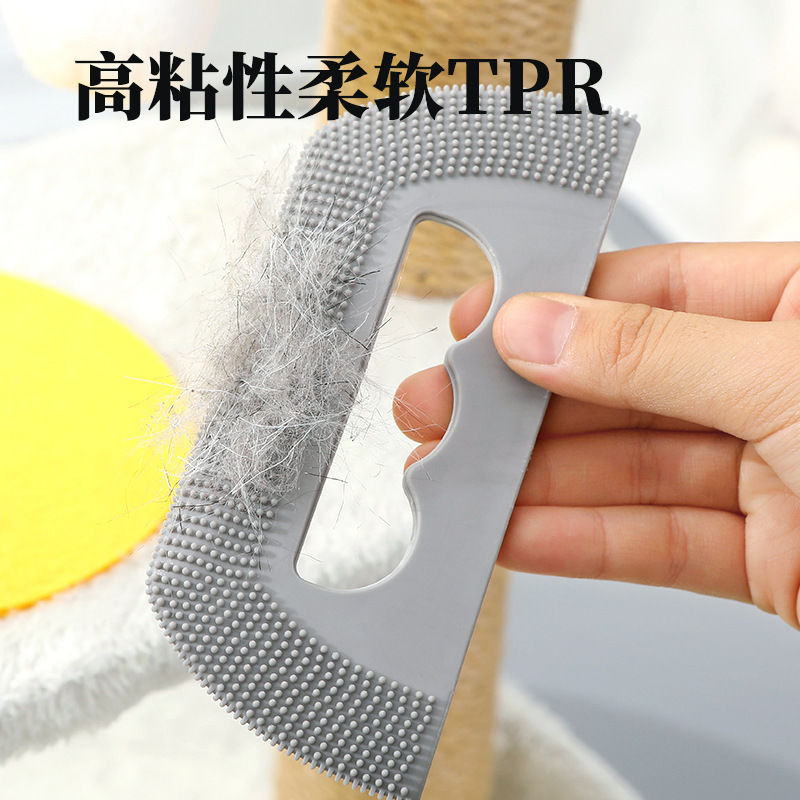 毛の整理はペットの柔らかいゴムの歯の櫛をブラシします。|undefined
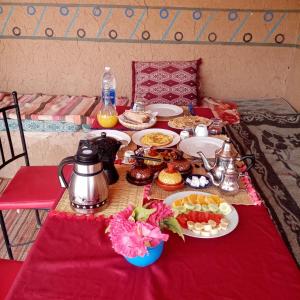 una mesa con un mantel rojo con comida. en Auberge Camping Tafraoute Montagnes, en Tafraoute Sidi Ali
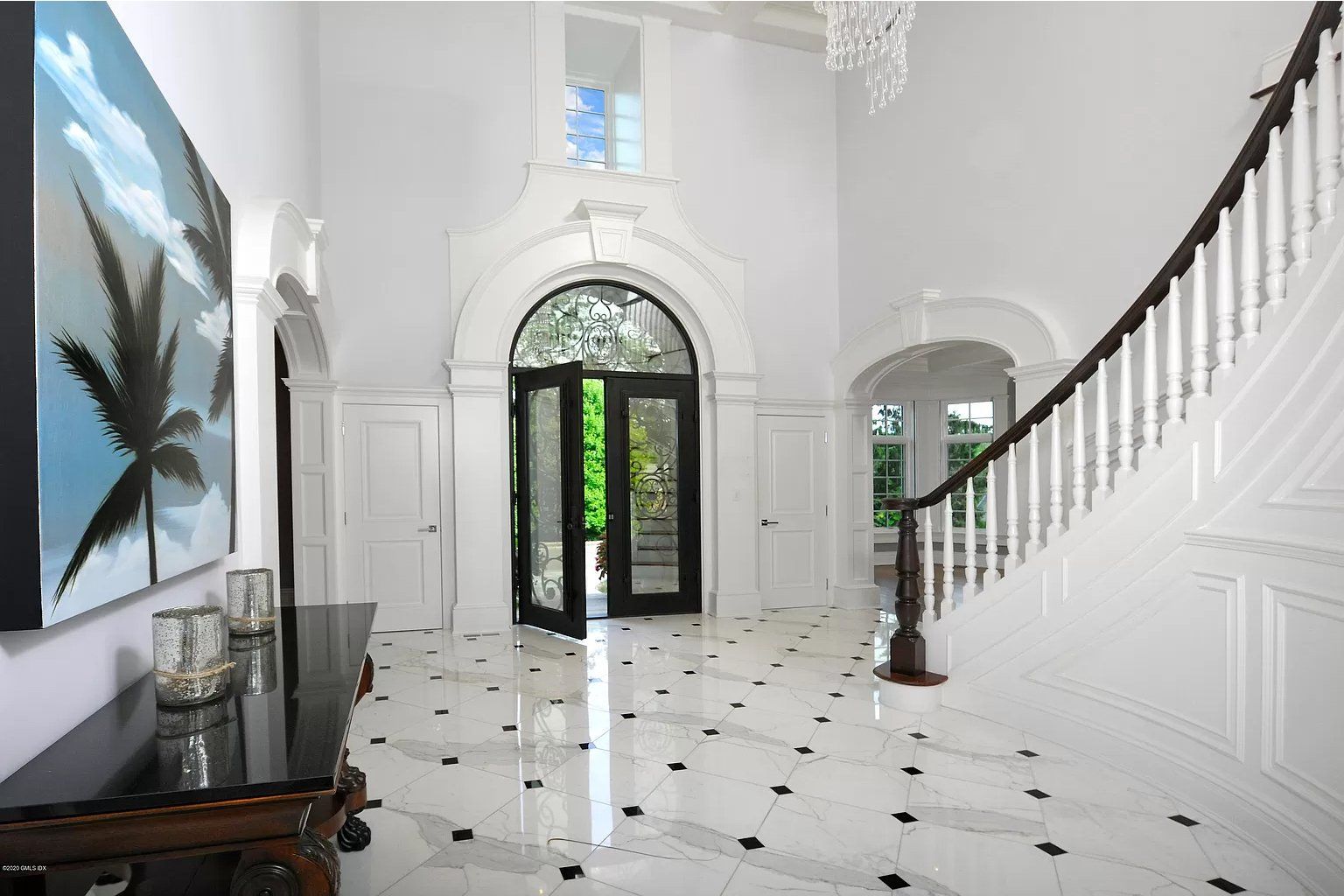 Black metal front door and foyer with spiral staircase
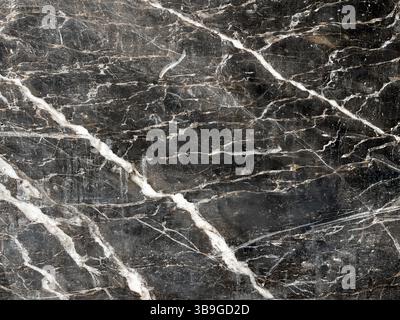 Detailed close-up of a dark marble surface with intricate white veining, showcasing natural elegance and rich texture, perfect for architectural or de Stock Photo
•••
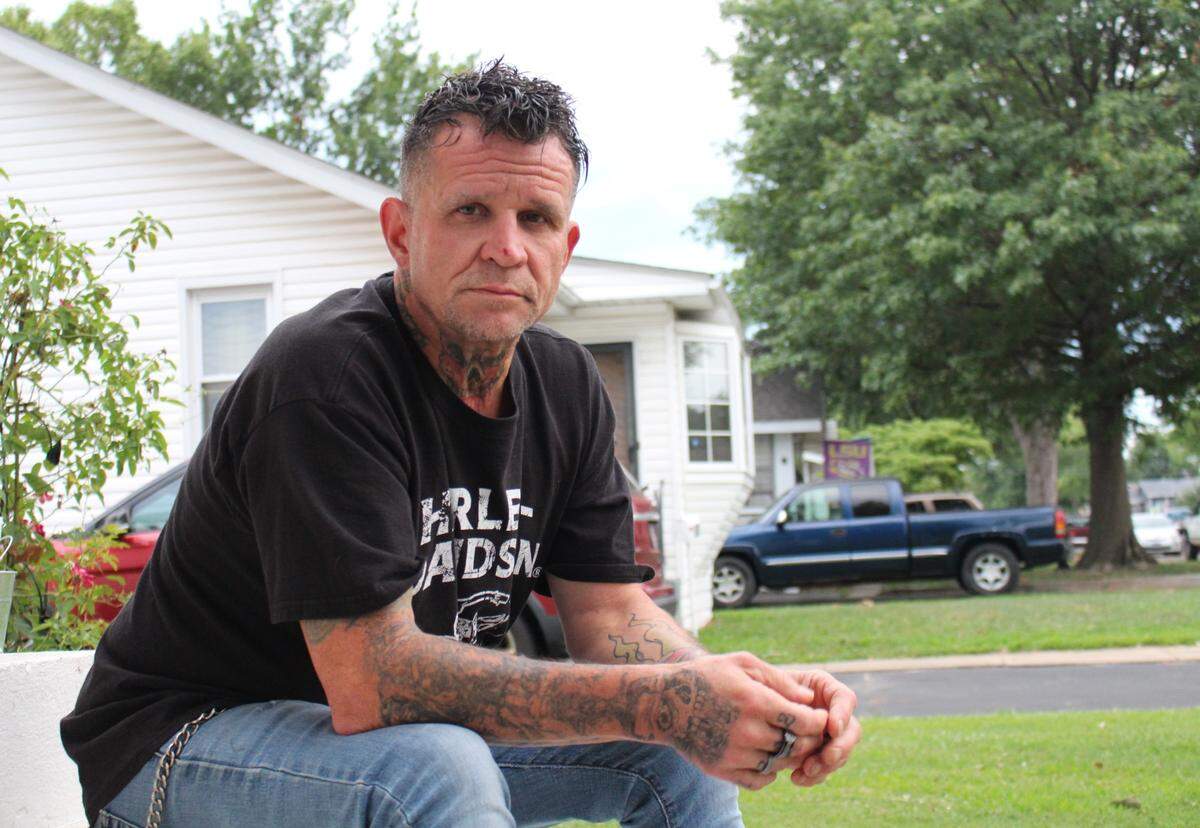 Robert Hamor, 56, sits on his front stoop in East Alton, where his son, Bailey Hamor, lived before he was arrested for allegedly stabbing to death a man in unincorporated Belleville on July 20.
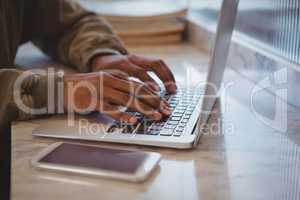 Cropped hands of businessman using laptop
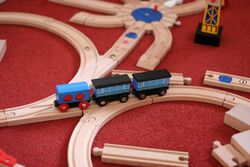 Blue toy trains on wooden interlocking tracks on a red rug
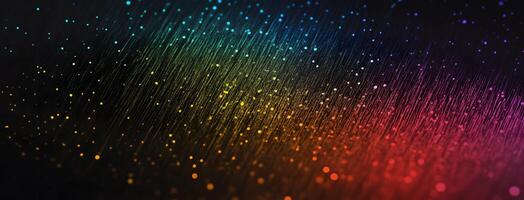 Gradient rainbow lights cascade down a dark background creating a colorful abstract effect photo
•••
What you have to do: Taking the entries above, copy word for word the lines from the one with "Black metal front" up to and including the one with "Detailed close-up of", without any picture.

Response area:
 Black metal front door and foyer with spiral staircase
 Detailed close-up of a dark marble surface with intricate white veining, showcasing natural elegance and rich texture, perfect for architectural or de Stock Photo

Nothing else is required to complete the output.